American astronomer (1882–1973)

Alfred Harrison Joy (September 23, 1882 in Greenville, Illinois – April 18, 1973 in Pasadena, California) was an astronomer best known for his work on stellar distances, the radial motion of stars, and variable stars.

A crater on the Moon has been named in his honor.

==Early years==
He was born in Greenville, Illinois, the son of F.P. Joy, a prominent clothing merchant in Greenville and one-time mayor of the town. He received a BA from Greenville College in 1903 and an MA from Oberlin College the next year.

==Career==
After graduating, Joy went on to work at the American University of Beirut in the Syrian Protestant College as a professor of astronomy and the director of the observatory. He was forced to return to the U.S. in 1915 because of World War I.

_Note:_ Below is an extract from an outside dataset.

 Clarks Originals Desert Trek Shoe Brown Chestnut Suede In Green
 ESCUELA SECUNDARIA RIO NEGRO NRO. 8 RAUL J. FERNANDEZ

In the United States, he worked at the Mount Wilson Observatory from 1915 to 1952. There, he and his colleagues ascertained the spectral type, absolute magnitude, and stellar distance of over 5,000 stars. Joy also initially defined the T-Tauri type star. He studied the Doppler displacement of the spectral lines of stars to determine their radial velocities deducing a star's absolute dimensions, masses, and the orbital elements of some specific stars. He won the Bruce Medal in 1950.

He was president of the Astronomical Society of the Pacific in 1931 and 1939.